The business of plaintiff Media Sciences, Inc. ("Media") included selling solid ink sticks used for color printing by computer printers. After discovering that many of the solid ink sticks were defective, it reimbursed its customers for the losses they incurred as a result of the defects. Those losses exceeded $4 million.
Media was a subsidiary of plaintiff Media Sciences International, Inc., formerly known as Cadapult Graphic Systems, Inc. ("Cadapult"). Cadapult and Media requested coverage for the losses incurred from Royal Insurance Company of America, the third-party defendant in this action, improperly pleaded as Royal & SunAlliance ("Royal"). Royal denied coverage and responded by filing a declaratory judgment action for rescission of the insurance policy in a New Jersey federal court.
Beckerman & Company ("Beckerman"), plaintiffs' insurance broker, had arranged for the insurance provided by Royal. Although plaintiffs knew that they had a potential malpractice action against Beckerman for its conduct in obtaining the Royal insurance policy, plaintiffs chose not to implead Beckerman as a third-party defendant in the federal action.

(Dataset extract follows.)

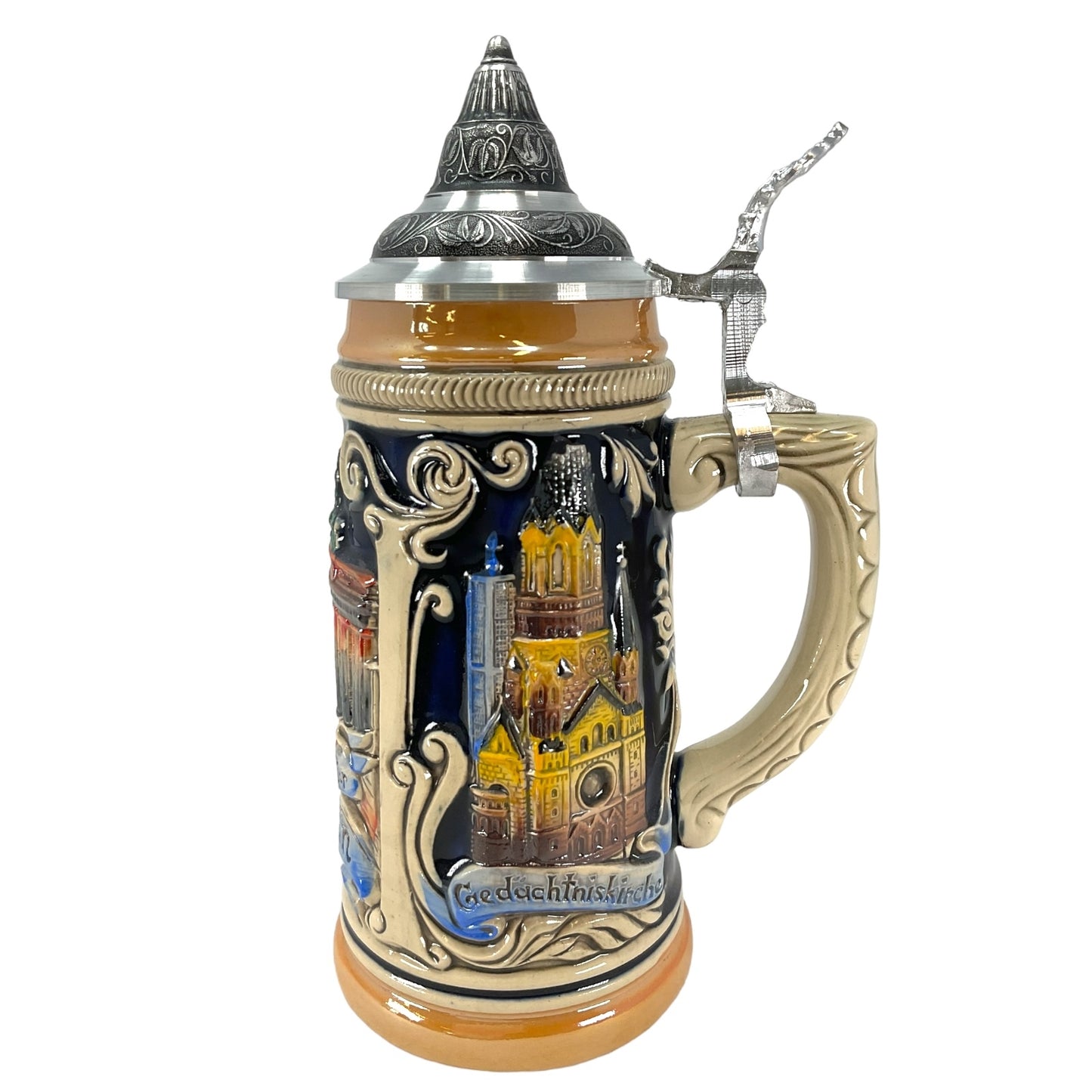 German Beer Stein with Berlin Germany Relief 1/2L One New Mug Made in Germany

Plaintiffs settled the federal action by agreeing to accept $500,000 from Royal, and thereafter filed the insurance malpractice action against Beckerman, which is the subject of this appeal. On Beckerman's motion for summary judgment, the trial court dismissed the complaint, ruling that it was barred by the entire controversy doctrine. Plaintiffs appeal, and we reverse because Beckerman did not prove that the failure to join it in the federal action caused it prejudice.

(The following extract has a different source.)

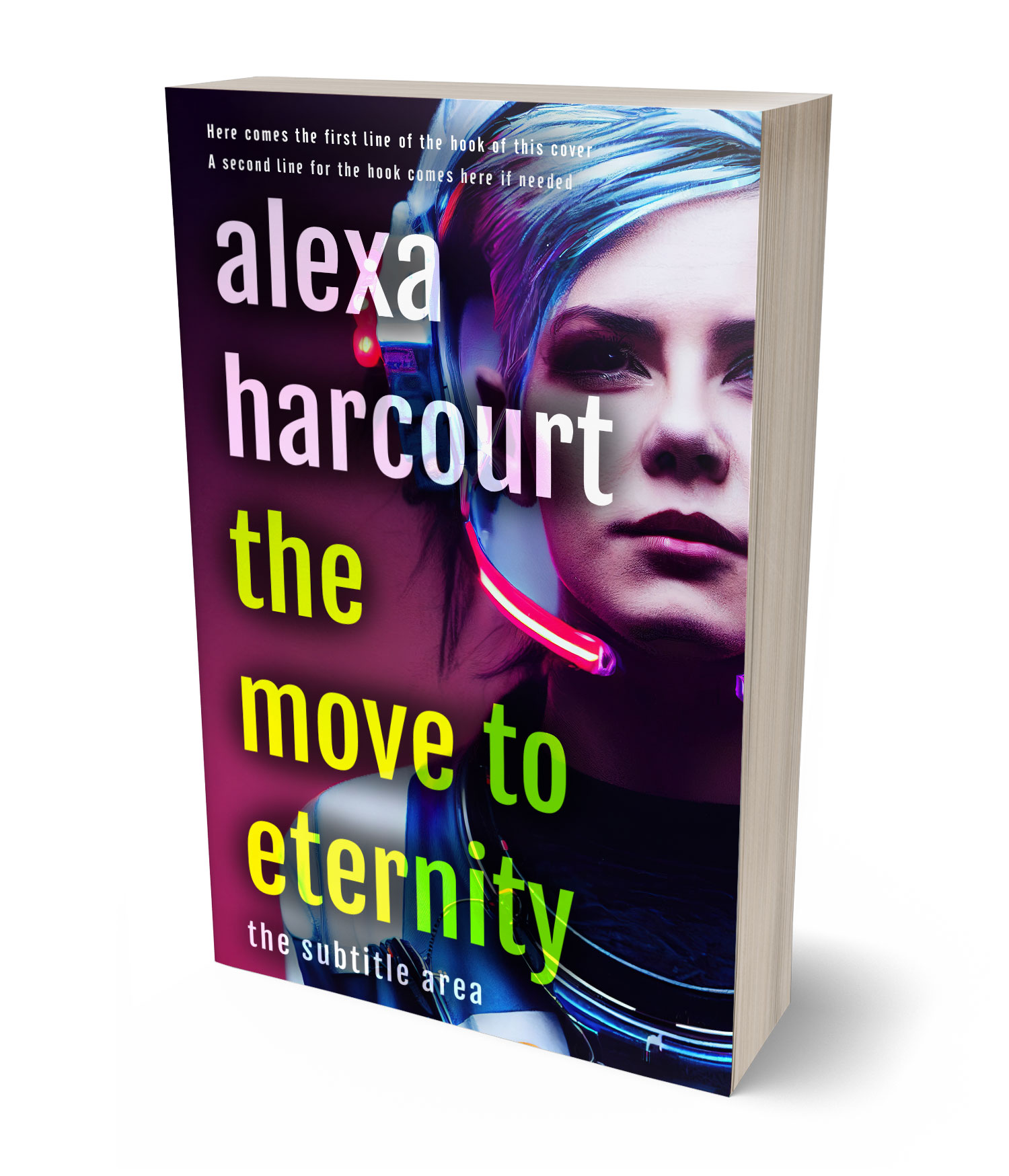 3D view of Premade Science Fiction Book Cover - Cameo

Cadapult was founded in 1987 and sold office copiers, computer graphic equipment, and related supplies. In 1999, it hired Beckerman as its insurance broker. Beckerman purchased for Cadapult directors and officers ("D & O") insurance, employment practices liability insurance ("EPLI"), and commercial insurance from Royal in mid-1999.
In December 1999, Cadapult formed Media as a wholly owned subsidiary for the purpose of acquiring Ultra Hue, Inc., a supplier of color printer supplies. Media was in the business of manufacturing printer supplies, including ink sticks, that were incorporated into a component of color printers known as printheads, that were in turn sold to third parties.
At some point in late 1999 or early 2000, Cadapult informed Beckerman of its formation of Media and the nature of Media's business. After Cadapult formed Media, it decided to purchase products liability insurance. In April and May 2000, Beckerman submitted applications for general commercial insurance and for umbrella coverage on Cadapult's behalf to Royal for July 2000 to July 2001. The question on the applications regarding whether Cadapult had any subsidiaries was marked "no." Louis Beckerman, the broker's principal, admitted that checking off the "no" box was a mistake. The purpose of the subsidiary question was for Royal to be able to assess whether the subsidiary should be underwritten.
In May 2001, Beckerman submitted an application to Royal to renew the commercial and umbrella coverage of the previous year. Once again, Beckerman answered "no" to the question of whether Cadapult had any subsidiaries.
The amount of liability coverage purchased from Royal for both July 2000 to July 2001, and July 2001 to July 2002, was $1 million/$2 million. The commercial umbrella policies each had a $3 million limit. The umbrella policies' definition of who was an insured included "[a]ny organization over which [Cadapult] maintain[s] ownership interest of more than 50%." Thus, under Royal's "big shield" umbrella policy, there was automatic coverage for any business more than fifty percent owned by the insured. The applications were neither signed nor reviewed by plaintiffs prior to submission. Specifically, Royal did not request that Cadapult sign the applications. While Royal's D & O and EPLI policy applications required a signature, its applications for commercial general liability and umbrella coverage did not.
Media also had general liability coverage in the maximum amount of $1 million from the Kemper Group of Insurance Companies ("Kemper"), which it had purchased through another agent. Royal did not become aware of Media's Kemper coverage until 2003.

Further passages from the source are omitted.